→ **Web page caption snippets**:
=== Section Start ===
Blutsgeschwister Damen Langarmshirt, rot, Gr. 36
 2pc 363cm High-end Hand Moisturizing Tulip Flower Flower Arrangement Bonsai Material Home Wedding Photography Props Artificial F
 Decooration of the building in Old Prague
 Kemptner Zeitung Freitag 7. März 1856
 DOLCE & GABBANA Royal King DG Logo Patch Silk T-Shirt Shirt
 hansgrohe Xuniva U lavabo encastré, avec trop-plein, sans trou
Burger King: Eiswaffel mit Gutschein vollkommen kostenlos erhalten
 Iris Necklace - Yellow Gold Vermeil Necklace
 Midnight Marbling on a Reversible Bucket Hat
=== Section End ===
All that the answer may hold is the lines from the one with "2pc 363cm High-end" through the end of the data, set down exactly as they appear.

→ **Task solution**:
 2pc 363cm High-end Hand Moisturizing Tulip Flower Flower Arrangement Bonsai Material Home Wedding Photography Props Artificial F
 Decooration of the building in Old Prague
 Kemptner Zeitung Freitag 7. März 1856
 DOLCE & GABBANA Royal King DG Logo Patch Silk T-Shirt Shirt
 hansgrohe Xuniva U lavabo encastré, avec trop-plein, sans trou
Burger King: Eiswaffel mit Gutschein vollkommen kostenlos erhalten
 Iris Necklace - Yellow Gold Vermeil Necklace
 Midnight Marbling on a Reversible Bucket Hat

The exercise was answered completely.